Fabrigas fled to his quarters, where he found Carrofax waiting patiently. ‘Well, that seemed to go very well.’

‘Yes, what of it?’ He locked his door. ‘They had to find out sooner or later. To get to the next universe you must die in this one. I have solved the problem of death-perception.’

‘And that is how the engine works?’

‘It could be.’

‘So then why share the information? A tactical error, sir, I think.’

‘It isn’t a tactical error. It is the best available truth. I have no real idea how the engine works.’

‘And why not tell them that?’

‘Tell them that I’m taking them billions of light-years away to use a piece of technology I don’t even understand? Ridiculous. They’d laugh me off the ship.’

‘As opposed to setting you on fire and throwing you off the ship?’

‘Let them try me if they wish. I think they’ll find me hard to kill.’

‘As you wish. Have you figured out which one is the Queen’s spy yet?’

‘I have my suspicions,’ said the old man as he spread some papers on his desk and pretended to set to work. He really didn’t like it when Carrofax teased him.

‘I could tell you if you wished.’

‘I do not wish. If I require your assistance I will ask for it.’

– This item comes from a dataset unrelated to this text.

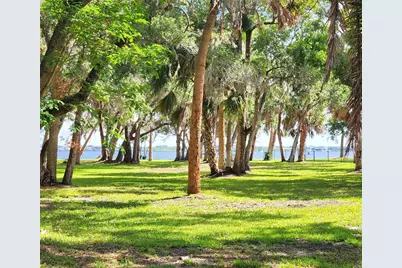 102 17th Street NE, Bradenton, FL 34208 - Photo 8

‘As you wish.’ Carrofax smiled. Fabrigas stared harder at his notes. He did not need to look up to know that his servant was smiling at him. And that it was the
particular
smile he used when he knew things the old man did not.

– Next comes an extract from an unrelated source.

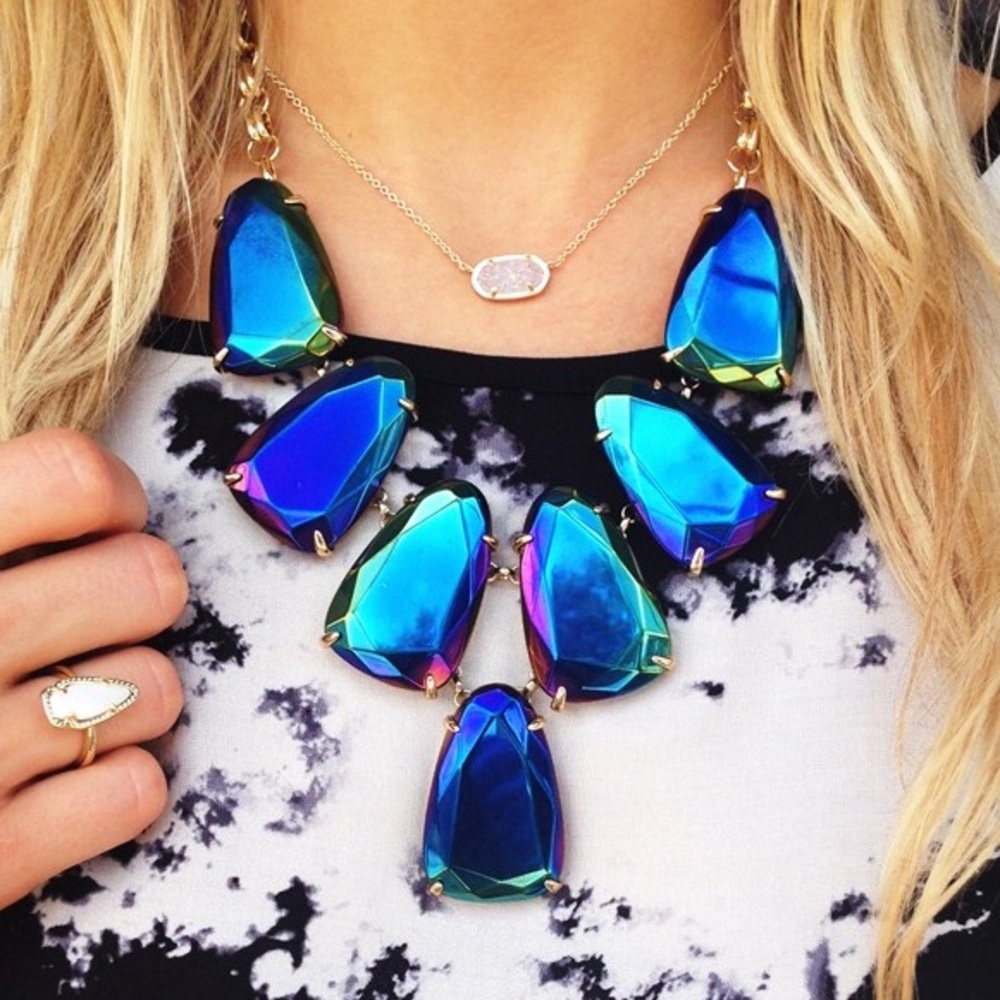 Kendra Scott iridescent drusy necklace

‘Am I breaking your concentration?’

‘Yes, in fact you are. If you don’t mind I have some important navigation work to do.’

‘Really?’

‘Yes.’

‘Important navigation work?’

‘It is so.’

‘Important navigation work which involves studying blueprints for the ship’s plumbing?’

Fabrigas blinked twice at the sheet of paper on his table, then pushed it aside. ‘Don’t you have something better to do?’ But when he turned round his servant had vanished and he was once more alone.

DARK-SPACE AUTOBAHN

They sailed on into the darkness, through days and weeks, and on towards a nightmare.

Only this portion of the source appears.